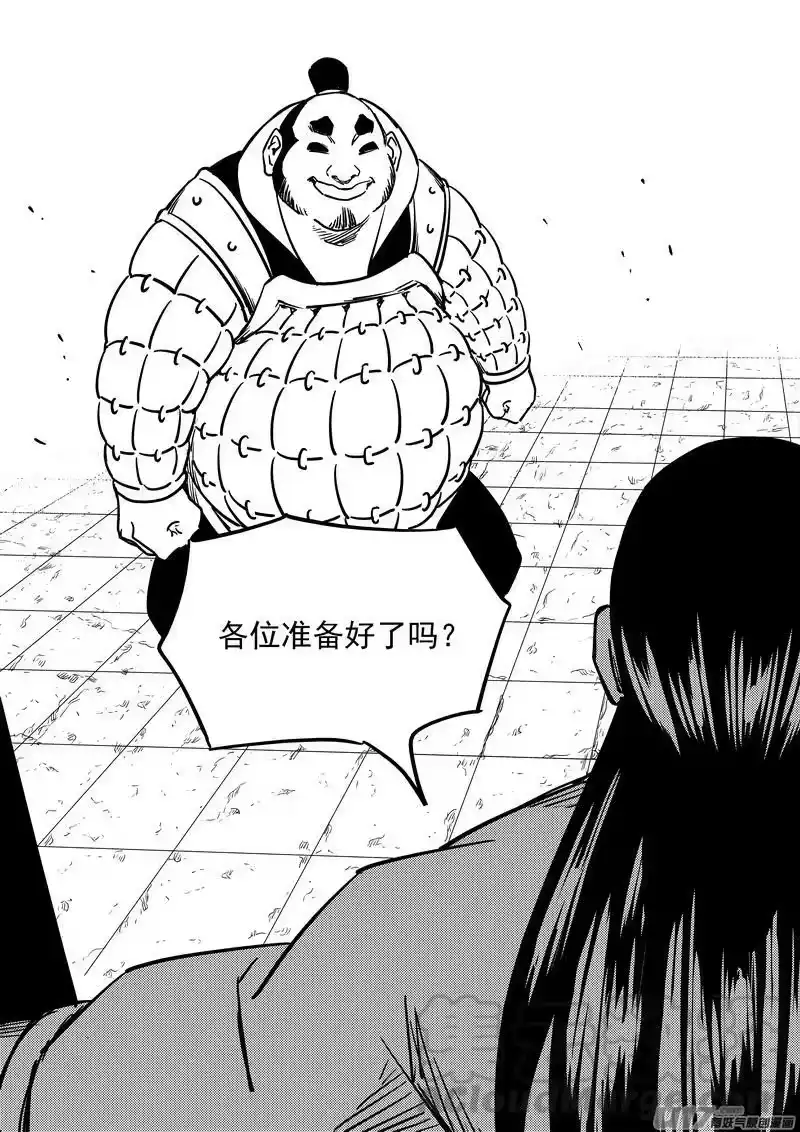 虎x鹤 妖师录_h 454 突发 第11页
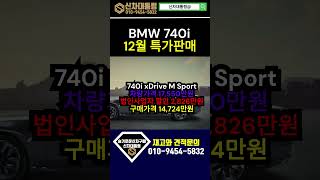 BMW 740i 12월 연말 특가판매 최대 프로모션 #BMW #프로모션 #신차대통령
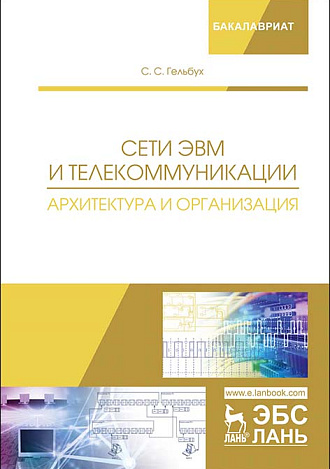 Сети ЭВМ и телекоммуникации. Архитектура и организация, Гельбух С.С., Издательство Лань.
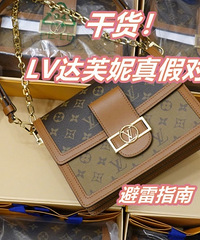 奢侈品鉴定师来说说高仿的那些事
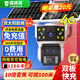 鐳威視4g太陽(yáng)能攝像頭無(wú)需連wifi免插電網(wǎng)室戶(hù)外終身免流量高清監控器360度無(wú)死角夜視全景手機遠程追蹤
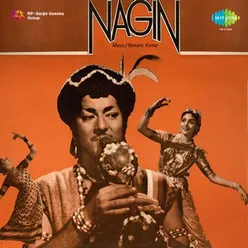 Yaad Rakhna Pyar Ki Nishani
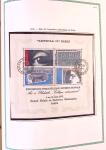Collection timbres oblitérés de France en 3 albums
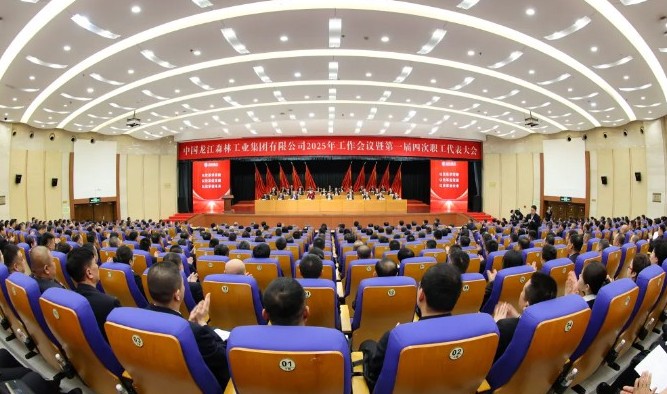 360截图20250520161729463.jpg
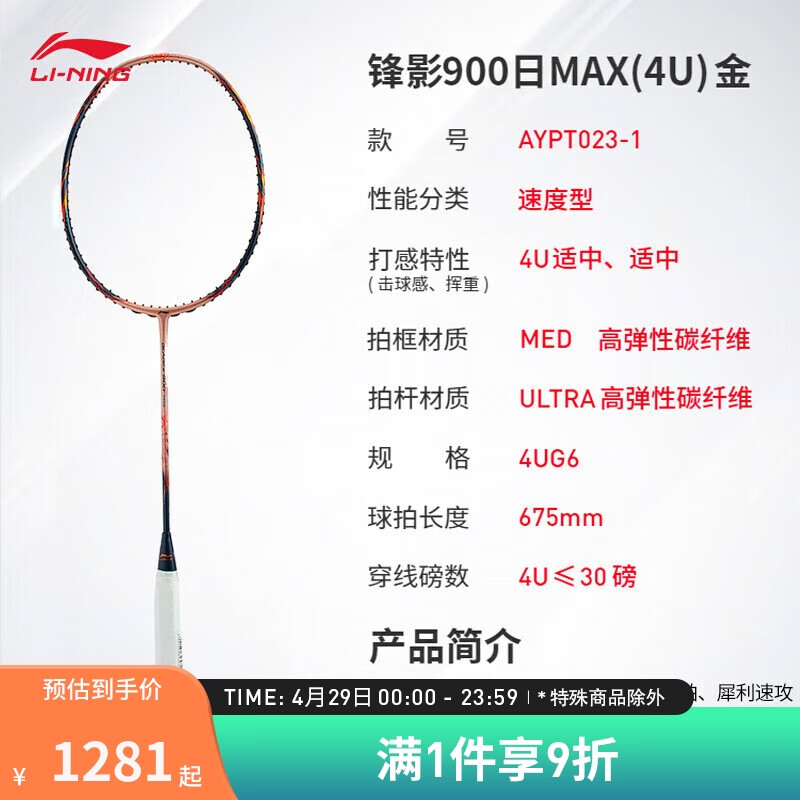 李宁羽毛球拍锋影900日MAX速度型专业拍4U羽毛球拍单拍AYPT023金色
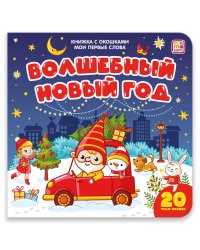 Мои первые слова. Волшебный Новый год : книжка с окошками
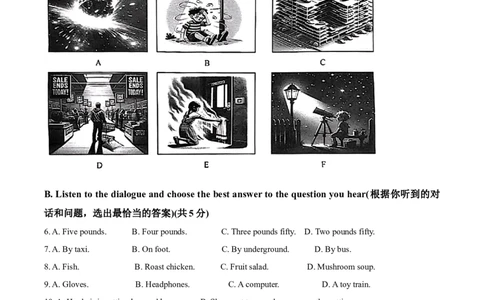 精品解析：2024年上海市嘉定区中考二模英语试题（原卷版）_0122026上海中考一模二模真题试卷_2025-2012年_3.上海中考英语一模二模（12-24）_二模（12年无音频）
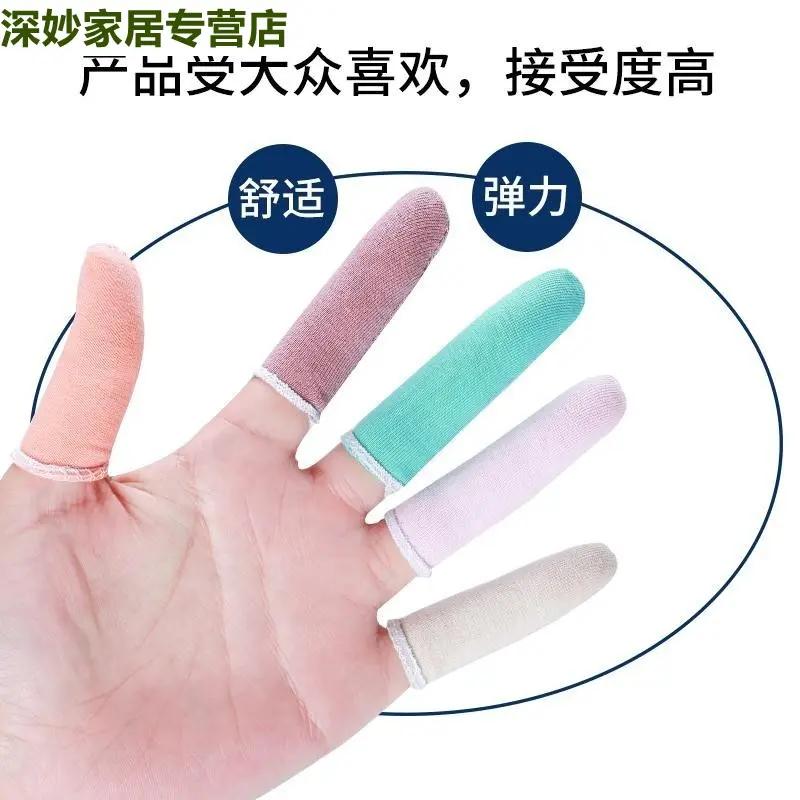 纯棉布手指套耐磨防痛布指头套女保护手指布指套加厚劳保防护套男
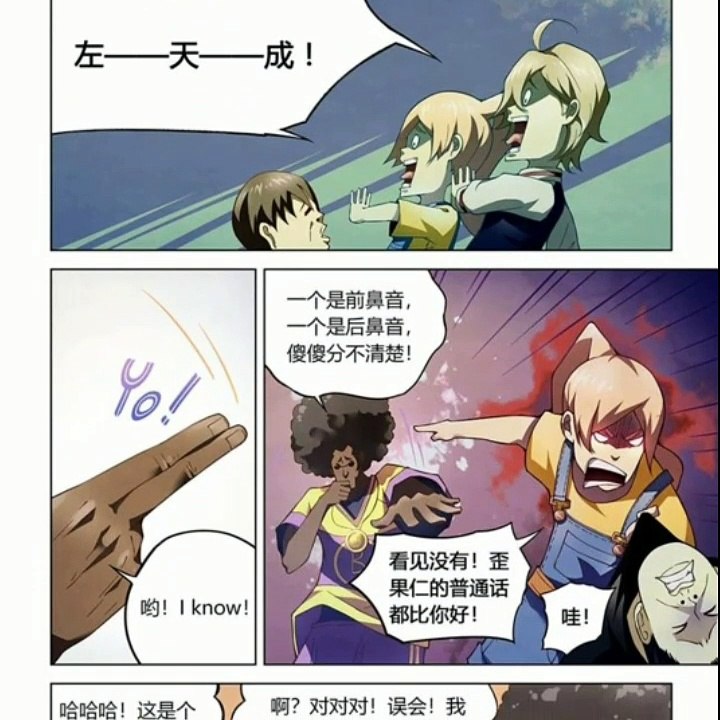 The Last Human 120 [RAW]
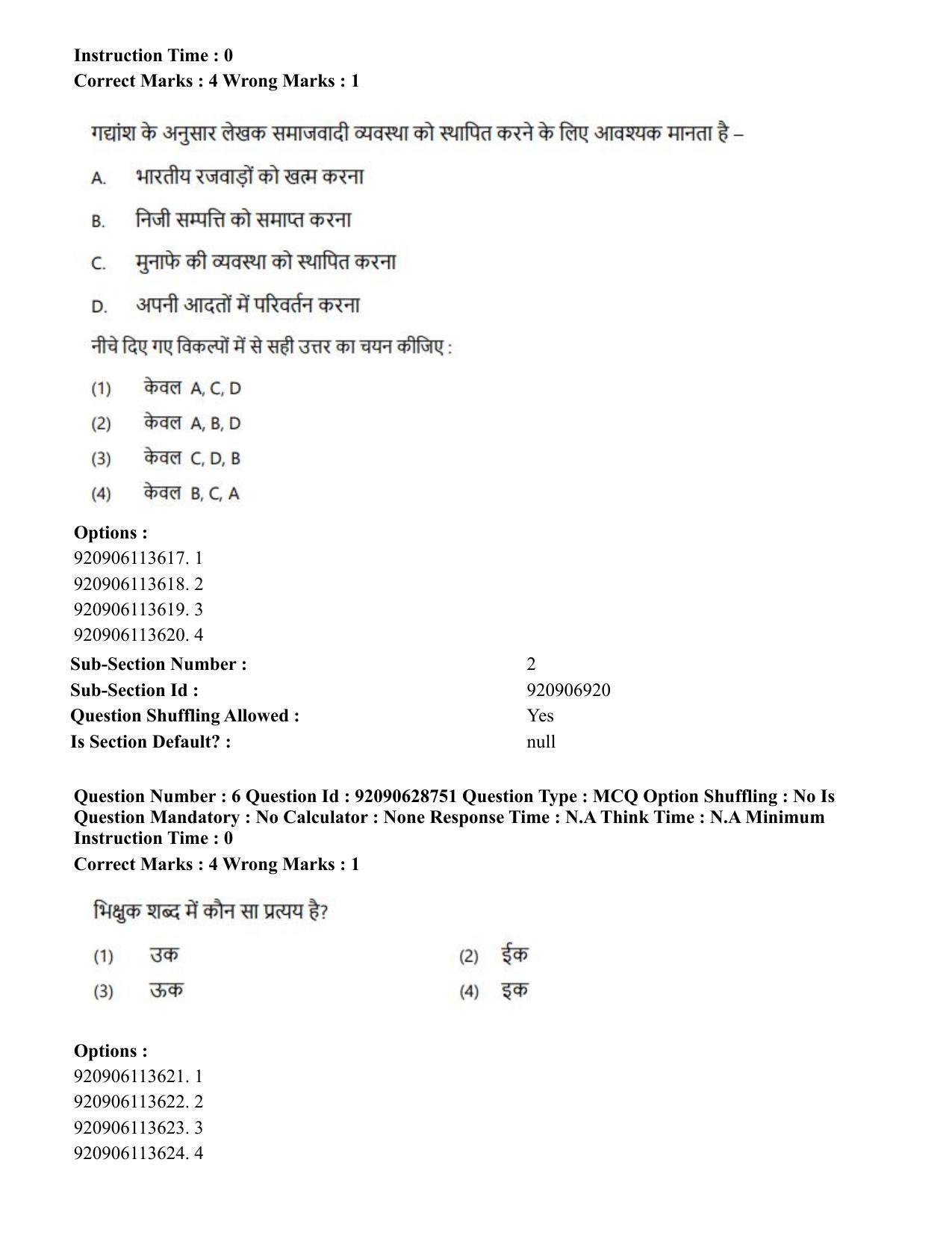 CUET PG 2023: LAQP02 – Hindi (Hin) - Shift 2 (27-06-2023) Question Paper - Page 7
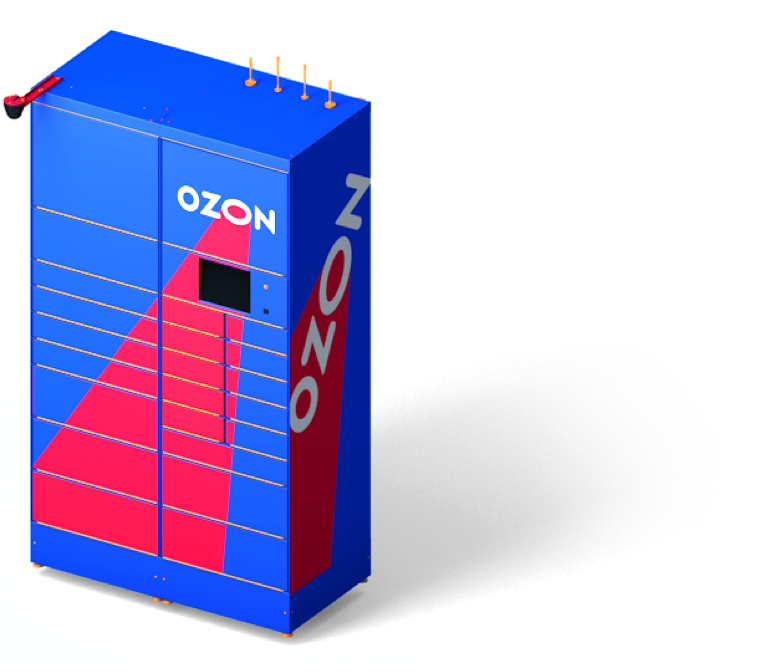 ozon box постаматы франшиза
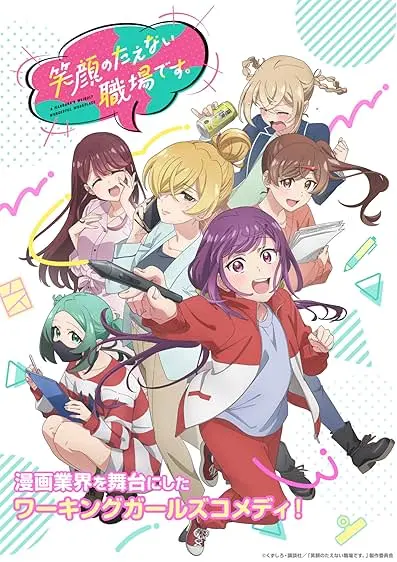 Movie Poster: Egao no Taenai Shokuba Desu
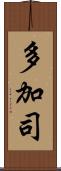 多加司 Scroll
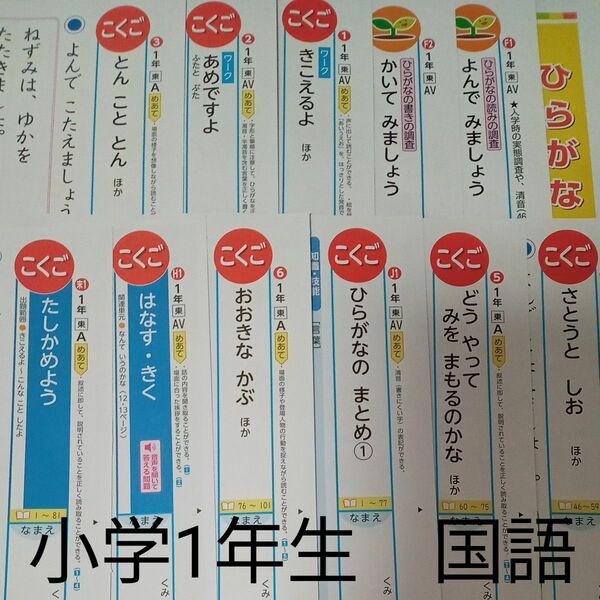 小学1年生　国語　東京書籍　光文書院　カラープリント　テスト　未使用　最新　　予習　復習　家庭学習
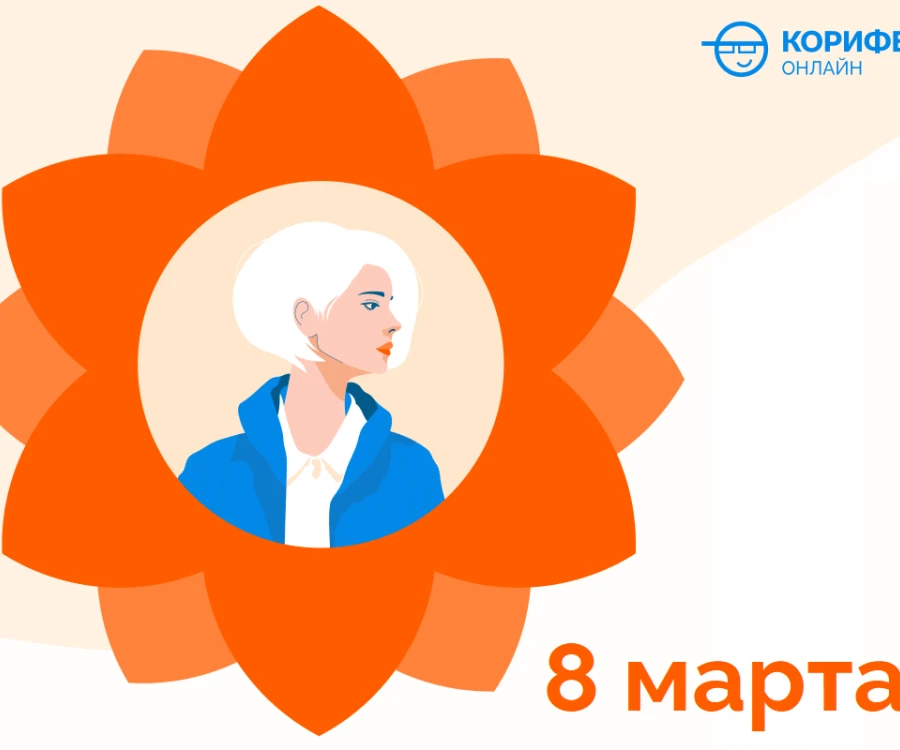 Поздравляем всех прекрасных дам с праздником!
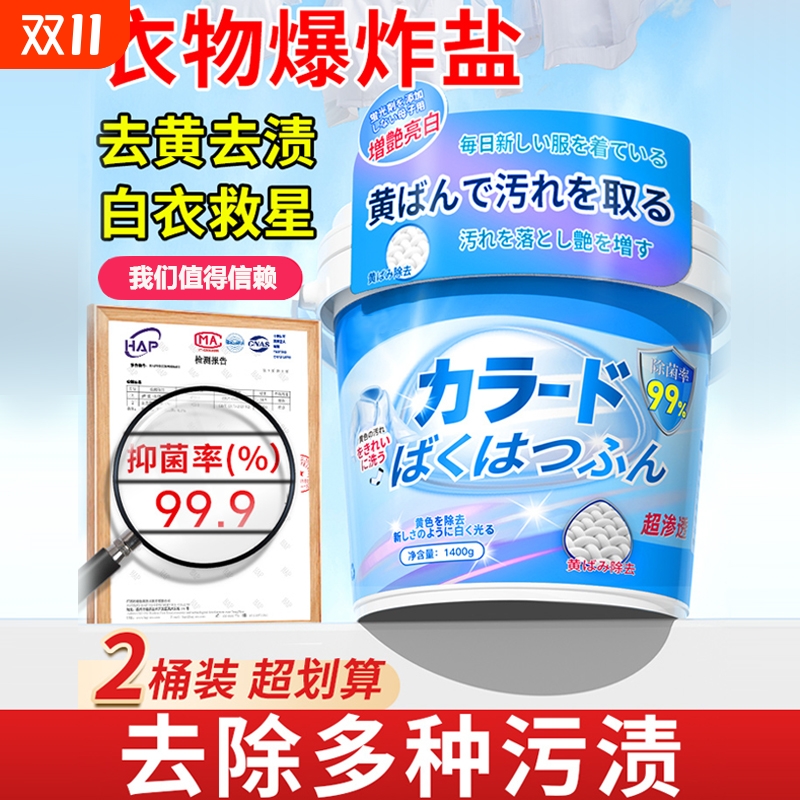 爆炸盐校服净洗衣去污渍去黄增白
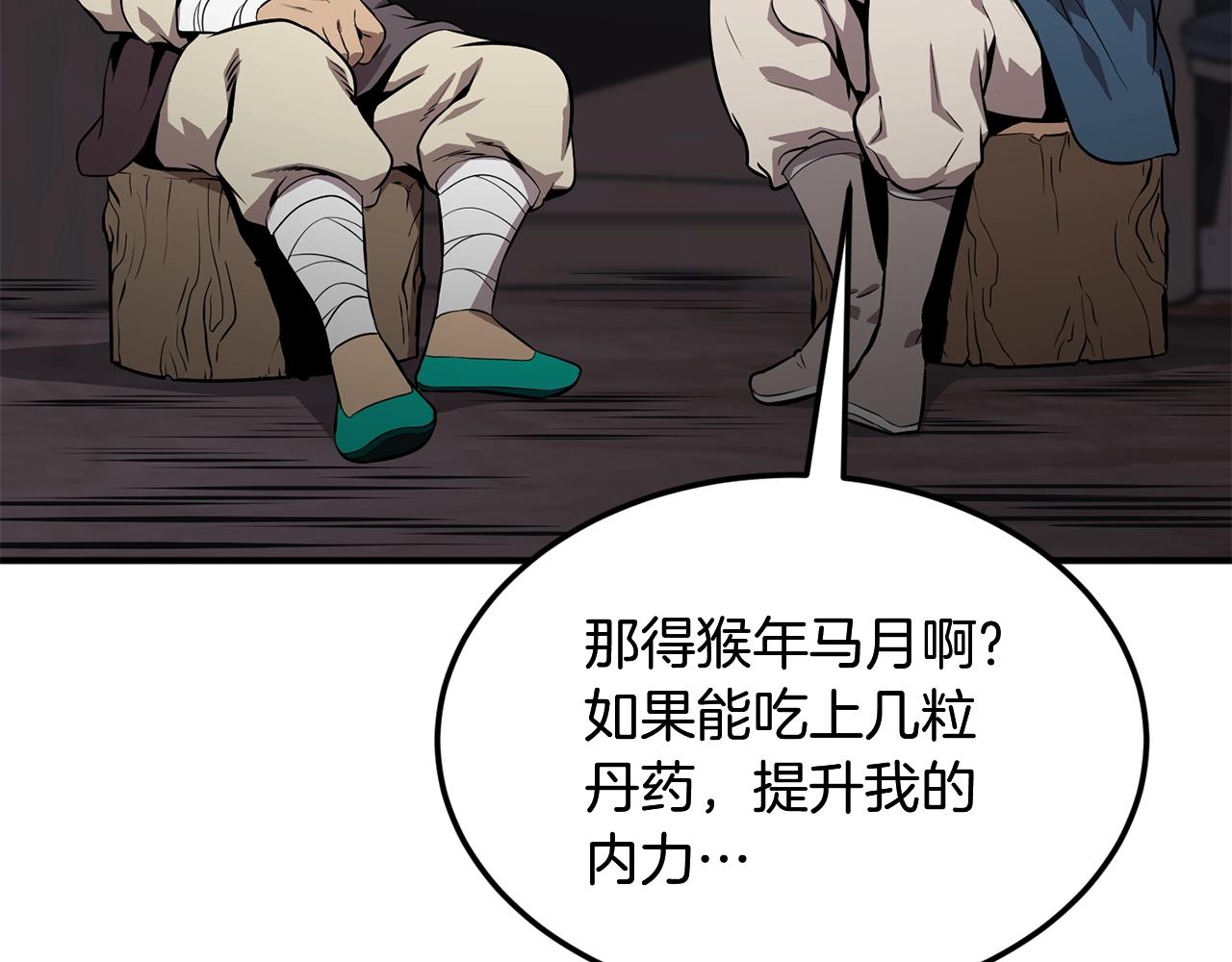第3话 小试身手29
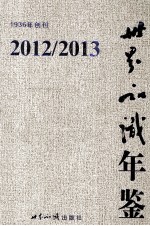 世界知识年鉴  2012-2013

────────────────────

Output every entry verbatim. Pictures do not belong in the copy.

 虎x鹤 妖师录_h 454 突发 第11页
 BMW 740i 12월 연말 특가판매 최대 프로모션 #BMW #프로모션 #신차대통령
 Сети ЭВМ и телекоммуникации. Архитектура и организация, Гельбух С.С., Издательство Лань.
 奢侈品鉴定师来说说高仿的那些事
 鐳威視4g太陽(yáng)能攝像頭無(wú)需連wifi免插電網(wǎng)室戶(hù)外終身免流量高清監控器360度無(wú)死角夜視全景手機遠程追蹤
 Yaad Rakhna Pyar Ki Nishani
Collection timbres oblitérés de France en 3 albums
 360截图20250520161729463.jpg
 李宁羽毛球拍锋影900日MAX速度型专业拍4U羽毛球拍单拍AYPT023金色
 Мои первые слова. Волшебный Новый год : книжка с окошками
 精品解析：2024年上海市嘉定区中考二模英语试题（原卷版）_0122026上海中考一模二模真题试卷_2025-2012年_3.上海中考英语一模二模（12-24）_二模（12年无音频）
 纯棉布手指套耐磨防痛布指头套女保护手指布指套加厚劳保防护套男
 The Last Human 120 [RAW]
 CUET PG 2023: LAQP02 – Hindi (Hin) - Shift 2 (27-06-2023) Question Paper - Page 7
 ozon box постаматы франшиза
 Movie Poster: Egao no Taenai Shokuba Desu
 多加司 Scroll
 小学1年生　国語　東京書籍　光文書院　カラープリント　テスト　未使用　最新　　予習　復習　家庭学習
 Поздравляем всех прекрасных дам с праздником!
 爆炸盐校服净洗衣去污渍去黄增白
第3话 小试身手29
 世界知识年鉴  2012-2013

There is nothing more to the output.